╭─ Dataset
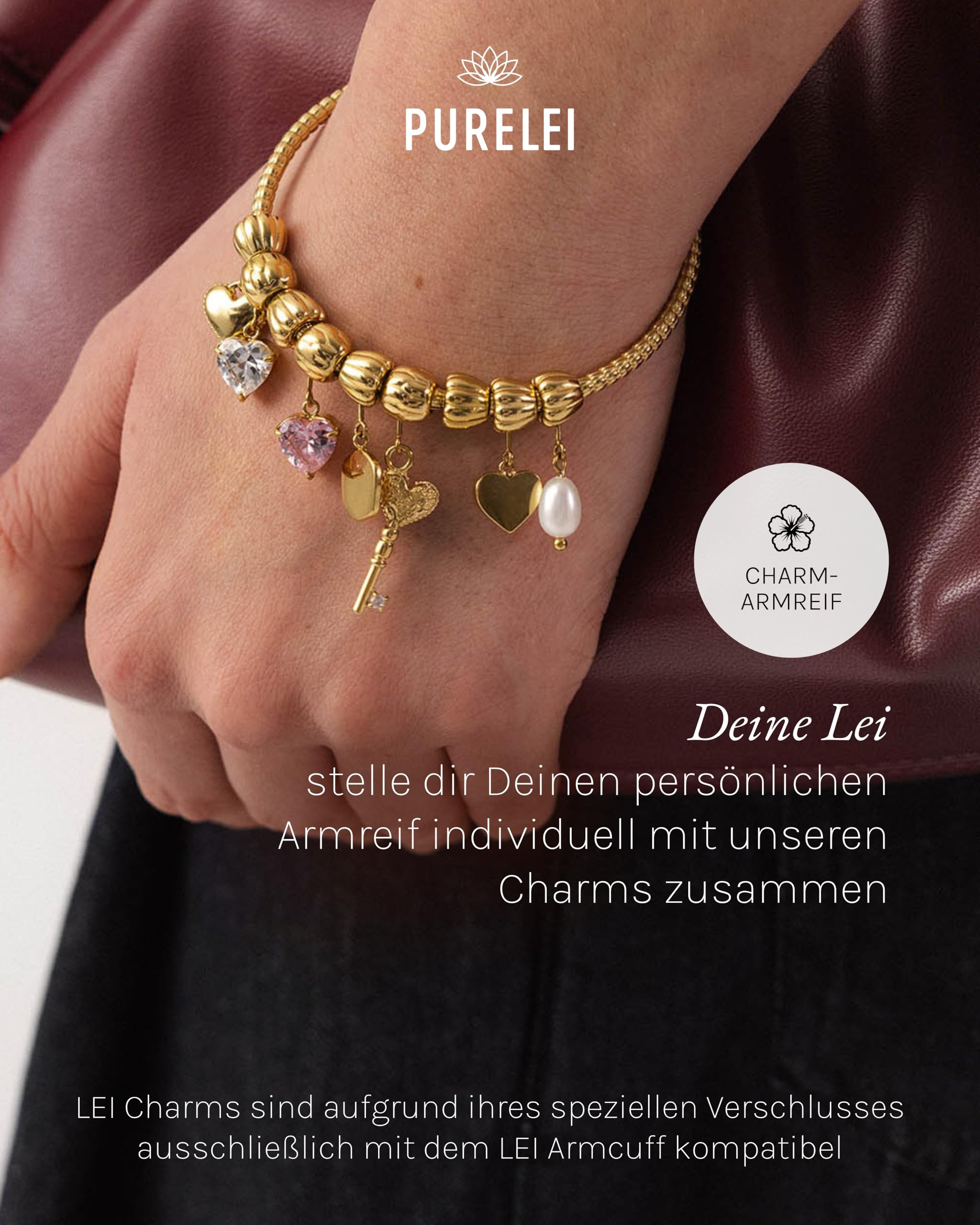 Purelei LEI Charm Armreif Damen S/M, wasserfestes Armband aus Edelstahl 14K vergoldet, Schmuckstück zum Kombinieren mit Stopper, Herz, Sonnenblume und Perle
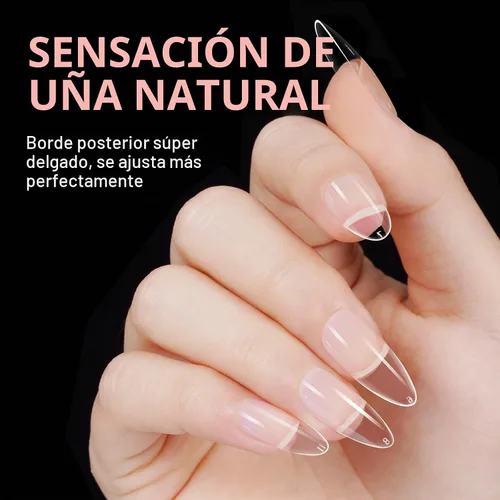 Vista 3 de AILLSA - Puntas de uñas de almendra medianas, 216 puntas de gel transparentes para bricolaje Full Cover, No Extra Filing Needed, Nails Extension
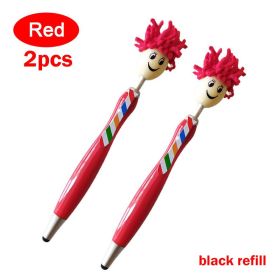 2PCS/5PCS Mop Pen Screen Cleaning Pen With Motivational Quotes 3 In 1 Stylus Dusting Pen For Kids And Unisex Ink Rollerball Pen School Office Motivati (Color: Red)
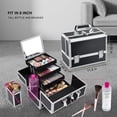 thumbnail image 2 of Estuche de maquillaje Joligrace con 3 bandejas, espejo y soporte para brochas, 2 of 6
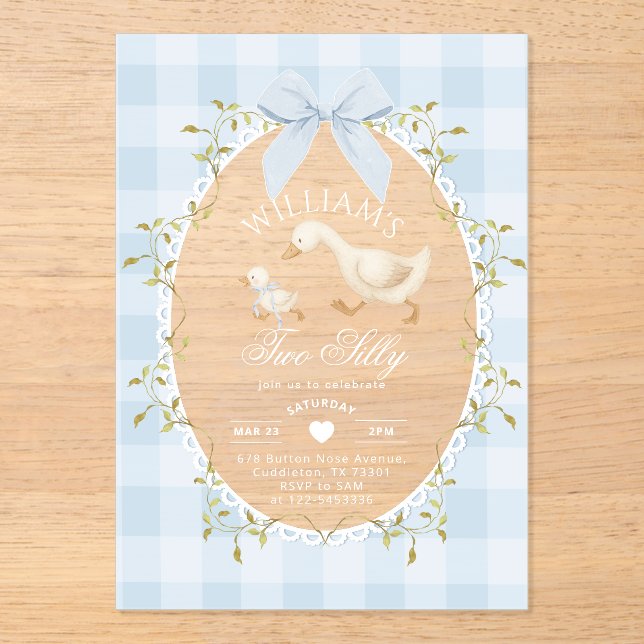Invitaciones Acrílicas Dos Silly Goose Cumpleaños 2 con Gingham Azul (Anverso)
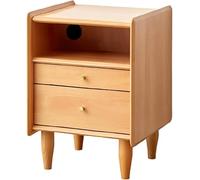 Solid Wood Nightstand - Retro 2-Drawer Side Table for Living Rooms and Bedrooms, Ideal Bedside Furniture and End Table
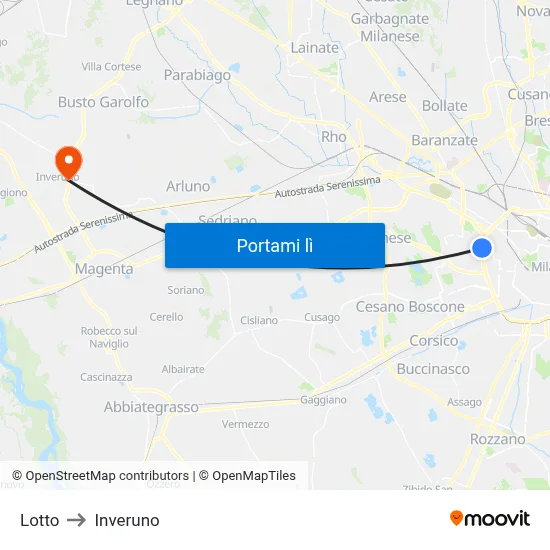 Lotto to Inveruno map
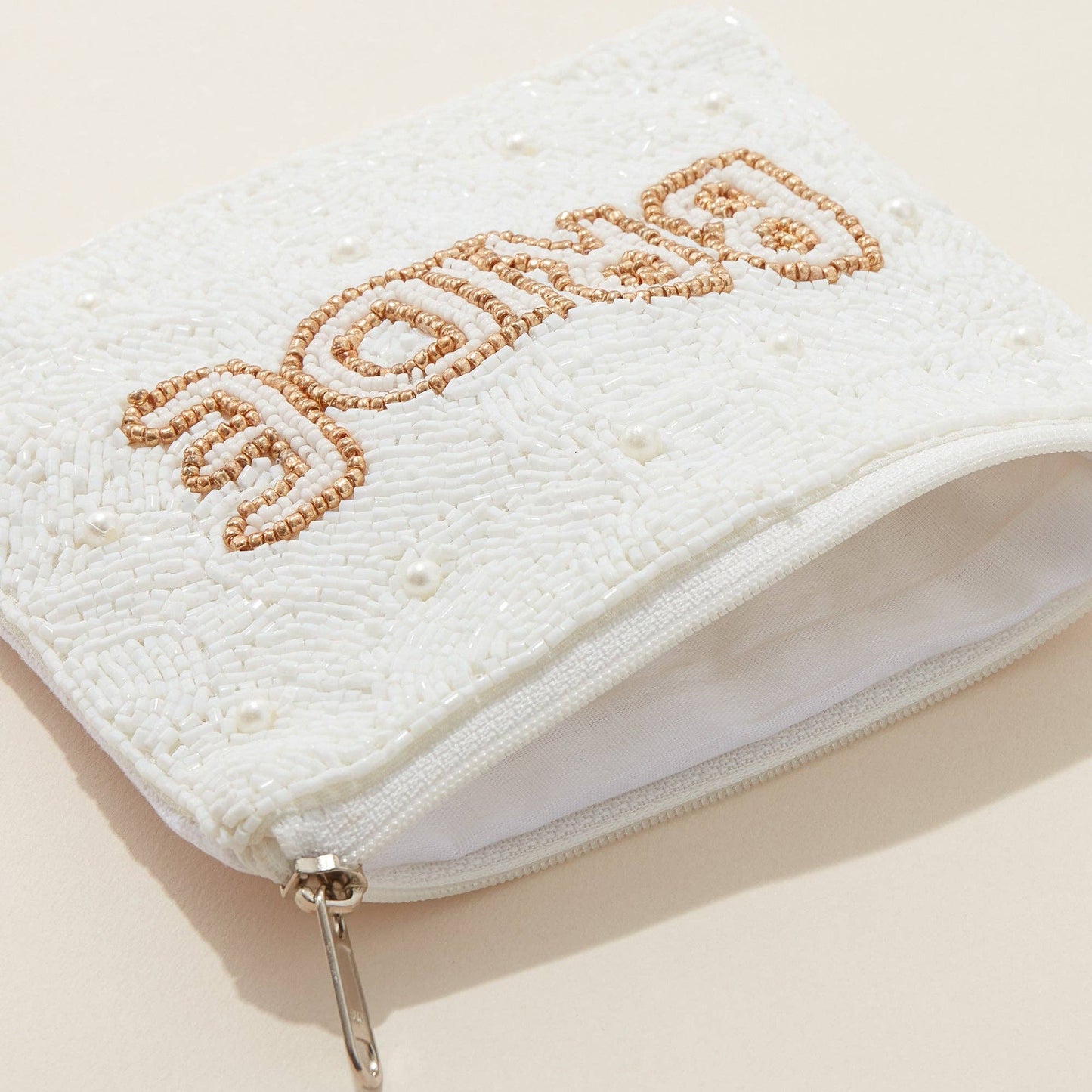 Bride Seed Bead Canvas Coin Pouch Bride Bags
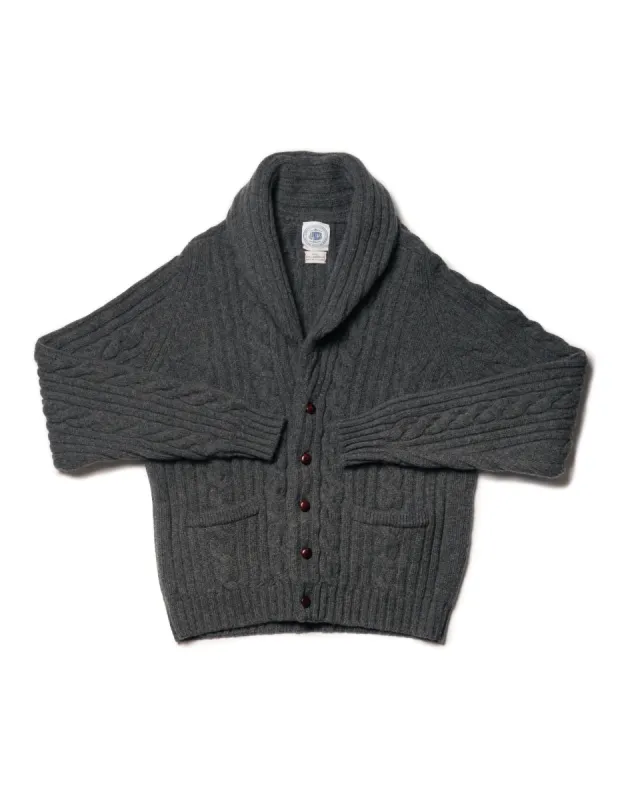 Made-in-Scotland Grey Shawl Collar Cableknit Cardigan sold by J. Press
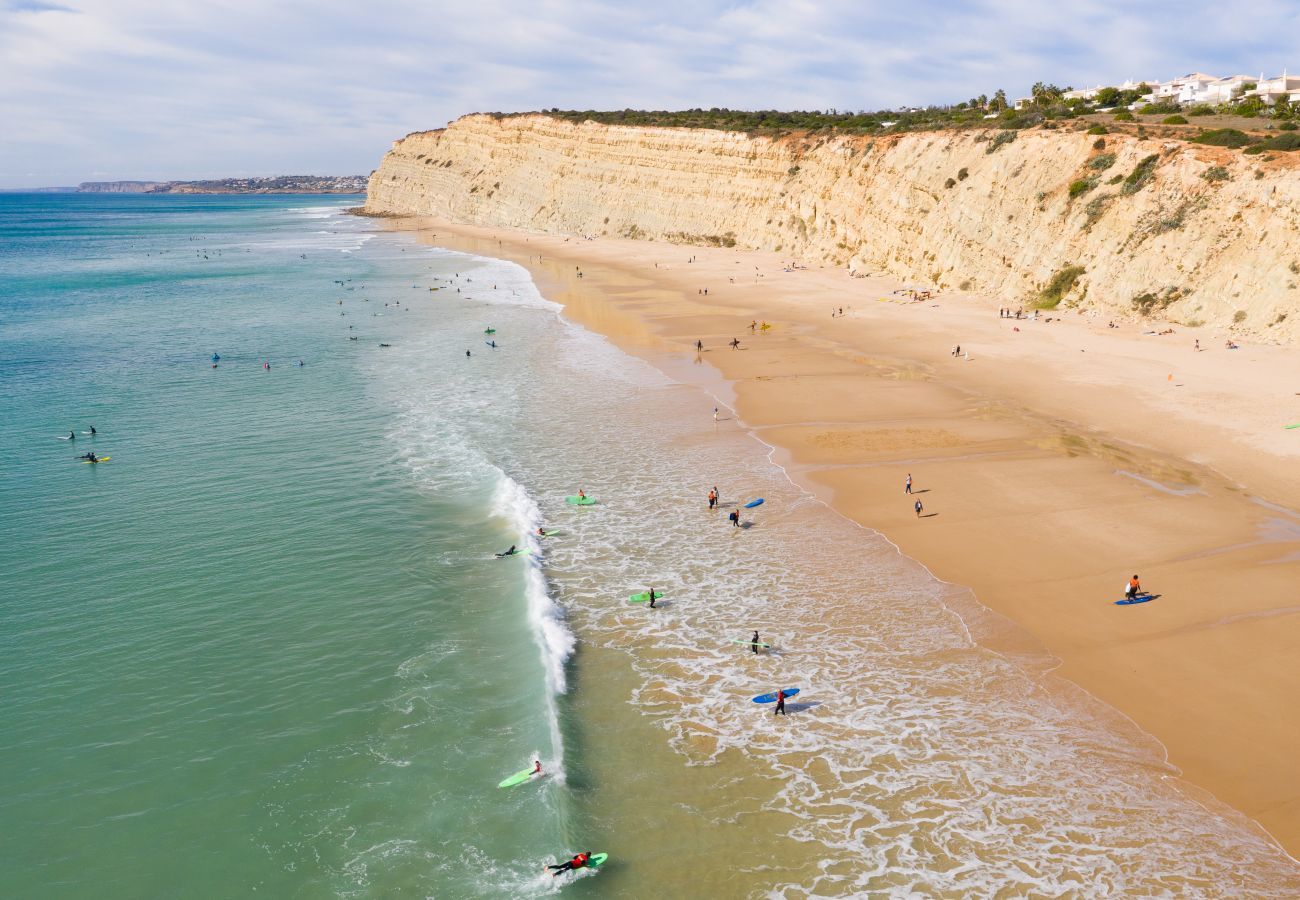 Aerial view of Porto de Mós beach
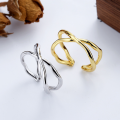 wholesale S925 Sterling Silver Irregular Fashion Double-Layer Braided Cross Open Ring Ins Trendy Ring for Women-0-0
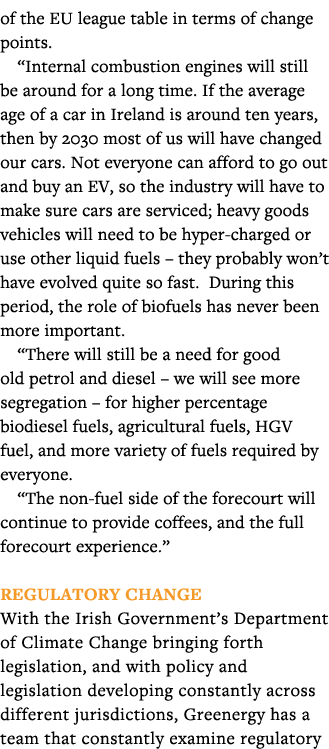 of the EU league table in terms of change points   Internal combustion engines will still be around for a long time     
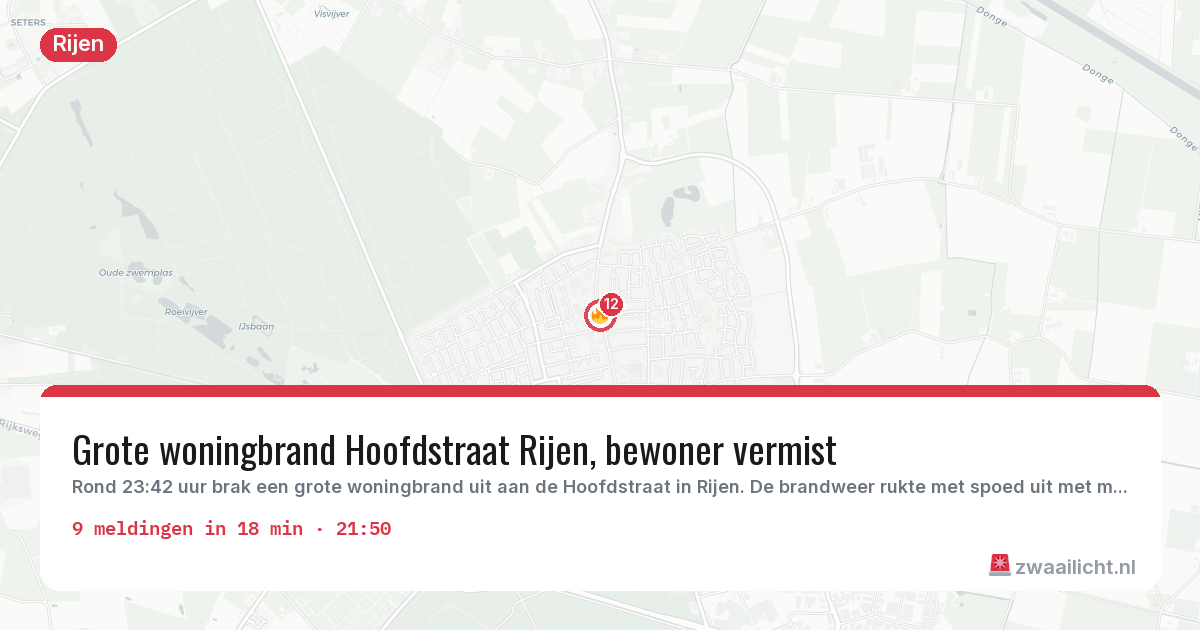 Kaart van de activiteitspiek bij Rijen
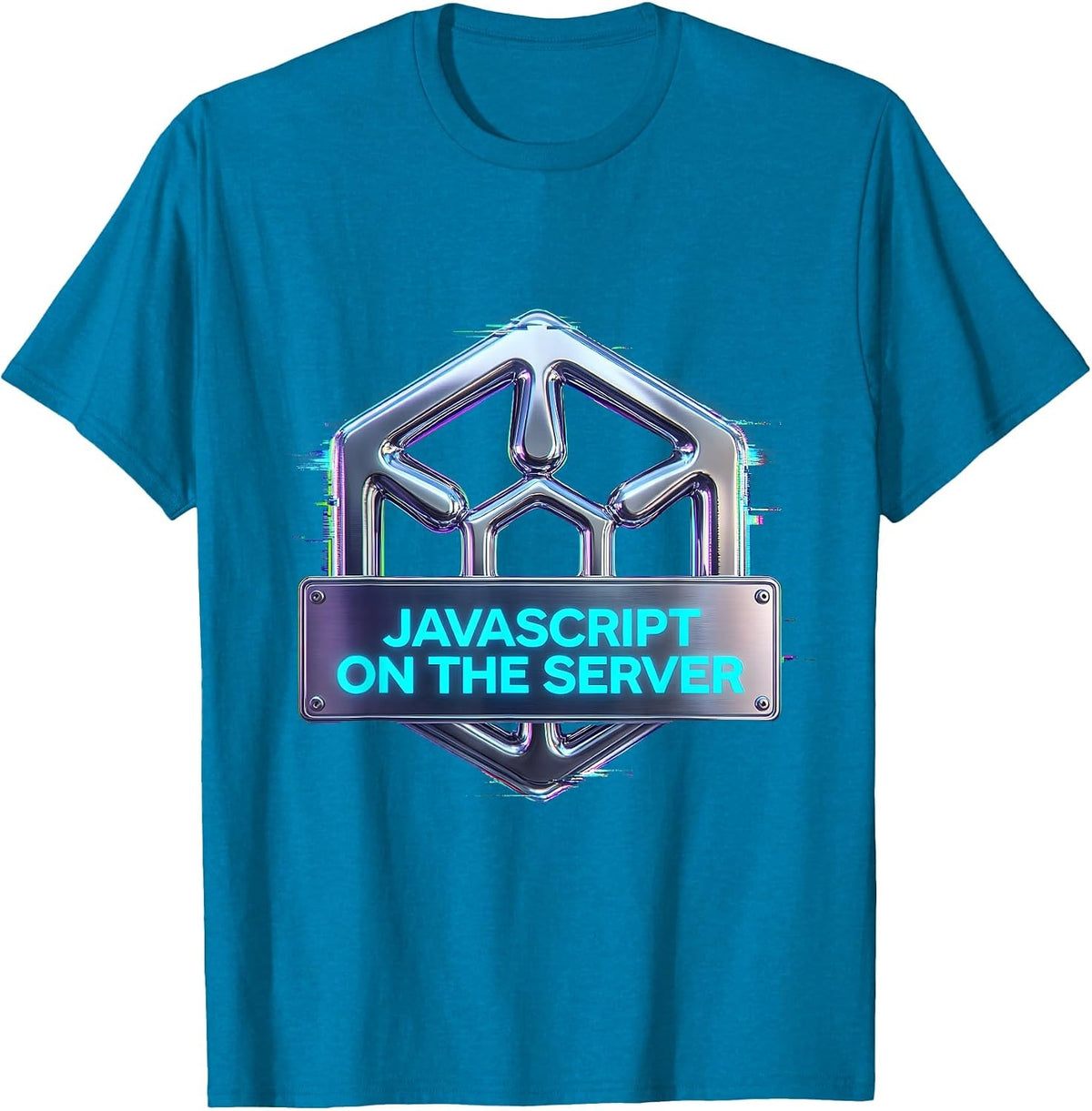 JavaScript on the Server Node.js Developer Design T-Shirt - Sapphire Blue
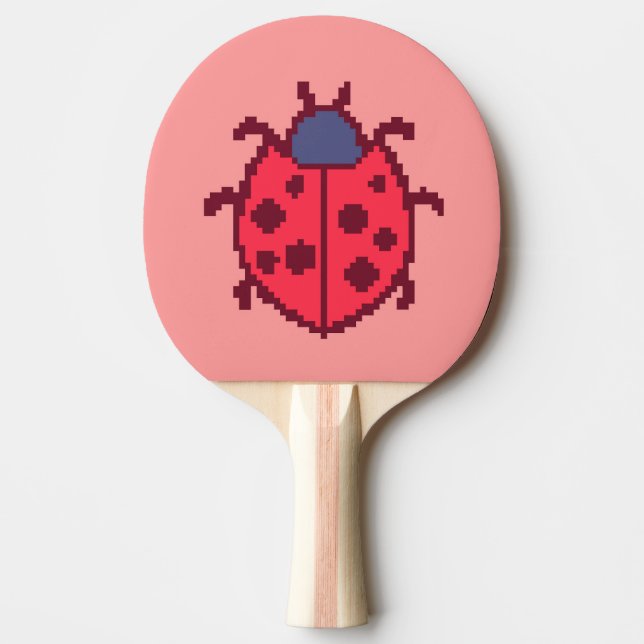 Cute pixelelelbug insekt dekorativ kudde pingisracket (Framsidan)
╰─
Instructions to follow.
An exact transcription is needed of the lines from the one with "2PCS/5PCS Mop Pen" to the one with "Invitaciones Acrílicas Dos" above, both ends included, with pictures left out.

Task answer.
 2PCS/5PCS Mop Pen Screen Cleaning Pen With Motivational Quotes 3 In 1 Stylus Dusting Pen For Kids And Unisex Ink Rollerball Pen School Office Motivati (Color: Red)
 thumbnail image 2 of Estuche de maquillaje Joligrace con 3 bandejas, espejo y soporte para brochas, 2 of 6
Invitaciones Acrílicas Dos Silly Goose Cumpleaños 2 con Gingham Azul (Anverso)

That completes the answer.